Environmental insults on the skin induce biologic responses through the modulation of expression of genes implicated in different cell functions. The aim of this study was to investigate the modulation of gene expression profile in human epidermis in vivo following different stresses. We determined the modulations of gene expression using cDNA macroarray in the epidermis of 28 healthy volunteers, following mild and physiologic insults, including: (1), tape stripping; (2) application of 10% sodium dodecyl sulfate; (3) daily application of vaseline; and (4), exposure to one minimal erythema dose of solar-simulated radiation. The analysis was performed 19 h after treatment. The reverse transcription-polymerase chain reaction method was used to confirm our results. We showed that: (1) the intensity of gene modulation was variable among the volunteers following the same skin stress; (2) the nature and intensity of skin treatment modified the pattern of gene expression; and (3) some genes were modulated only by specific stress, some others are modulated irrespective of the stress. GADD45, Bax, SAS, and granulocyte chemotactic protein-2 were overexpressed exclusively following solar-simulated radiation, whereas tape stripping led to the modulation of genes implicated in different pathways (inflammation, cell proliferation, cell differentiation, detoxification, etc.).
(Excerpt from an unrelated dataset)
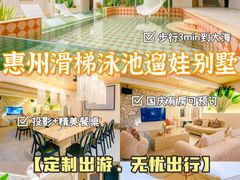 -巽寮湾
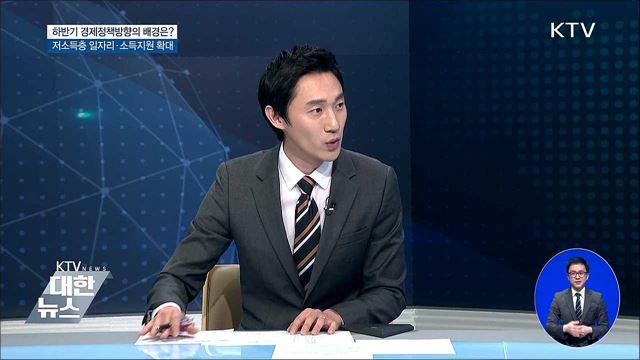 하반기 경제정책방향의 배경은?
Concerning common gene modulation, MRP8 and MRP14 were highly upregulated in human skin epidermis after solar-simulated radiation, vaseline application or tape stripping, and to a lower extent after sodium dodecyl sulfate. Such upregulation of the MRP 8/14 genes was confirmed at the protein level in an ex-vivo skin culture model following tape stripping and solar-simulated radiation. Together, these results suggest that MRP8 and MRP14 may be general, yet highly sensitive, markers for a great variety of skin stresses and that they are implicated in several epidermal repair pathways.
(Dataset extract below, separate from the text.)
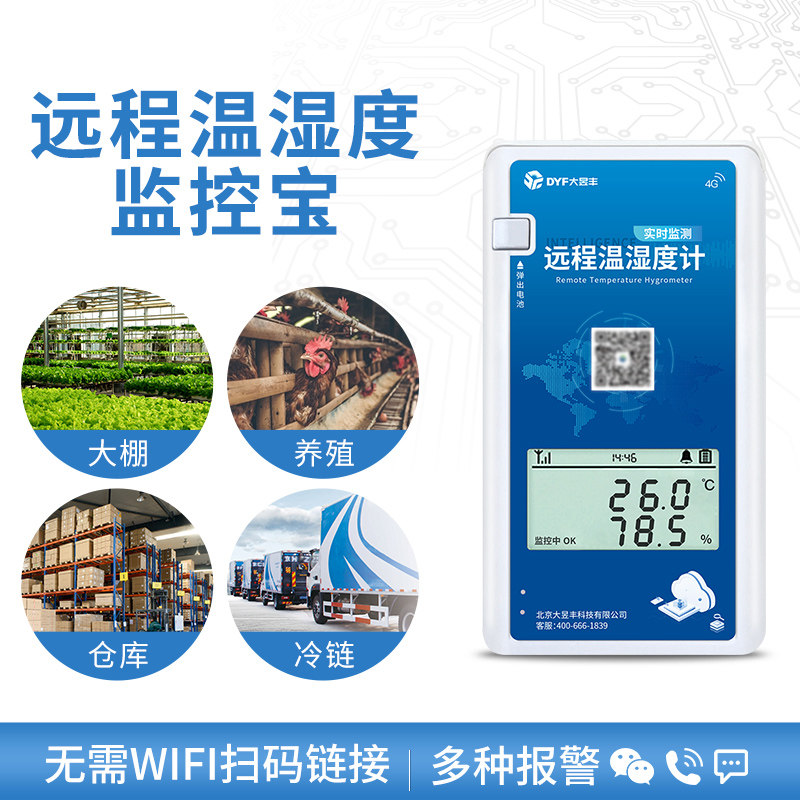 4G温湿度记录仪远程监控报警工业机房冷库药店冷链车温度计高精度,五金/工具,温湿度计,淘宝优惠券,粉丝福利购,淘宝优惠卷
Biological effects of simulated ultraviolet daylight: a new approach to investigate daily photoprotection.

BACKGROUND: The irradiance of standard ultraviolet daylight (UV-DL) is representative of most frequently encountered UV exposure conditions and simulators of UV-DL can now be used to properly investigate the biological effects of a non-extreme UV radiation. One of the characteristics of the simulated UV-DL used in this study is its dUVA to dUVB irradiance ratio, which amounts to 24, instead of close to 10, for the simulated zenithal UV radiation (UV-SSR). PURPOSE/METHODS: The aim of our study was to compare photobiological effects induced, in human skin, by acute and semi-chronic exposure to simulated UV-DL with those induced by UV-SSR. RESULTS: Differences between UV doses needed to induce given biological effects after exposure to simulated UV-DL compared with UV-SSR indicate that the spectral distribution of the UV spectrum is of primary importance with regard to biological endpoints in the epidermis (SBC, p53, thymine dimers, Langerhans cells, and melanocyte alterations, etc.) and in the dermis (collagen, tenascin, etc.). Significant biological damage was noticed after 19 cumulative exposures to 0.5 minimum erythemal dose (MED) of UV-DL over 4 weeks. 0.5 MED of UV-DL corresponds to 1/9 of the daily typical dose received in Paris in April, emphasizing the need for an efficient daily UV protection. CONCLUSION: Simulated UV daylight is a relevant new tool for daily photoprotection studies.